Without substantiating his allegations, the CEO said there had been enormous land which had been taken away through corrupt practices since the kingdom gained independence from British colonialism in 1968, which ought to be brought back to its rightful owners.

Therefore, providing another valid reason why asset forfeiture would work a great deal in terms of reviving the economy through ‘giving back to Ceaser what belongs to Ceaser.’
“The country suffers a double loss through corruption. We lose out on tax and ill gotten wealth which provides all the reason to eliminate corruption in order to bring about economic transformation,” Dlamini stated.


Further, Dlamini said focus also ought to be given to eliminating loopholes in the procurement system.
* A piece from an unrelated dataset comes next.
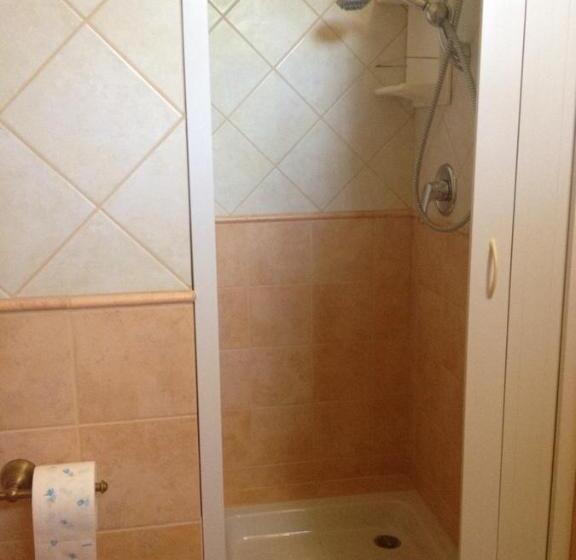 חדר סטנדרט לשלושה, B&b Chorisia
He claimed that overpricing was rife, especially in the utilisation of public funds which should come to an end.
Government spends nearly E10 billion of public funds in procurement of goods and services without following the laid down procedure.  


Scathing


Swaziland Public Procurement Regulatory Agency (SPPRA) recently made this scathing revelation on how public funds get used by parastatals and central government procures goods and services without adhering to the Public Procurement Act of 2011, especially section 45 which informs processes how a tender should be issued and granted.


SPPRA scting Chief Executive Officer (CEO) Musa Sikhondze, decried the manner in which public funds were being used up without adhering to the act.
He mentioned that parastatals such as the Swaziland Revenue Authority (SRA) fully adhered to the act but there remained a lot of entities that breach the law almost on a daily basis.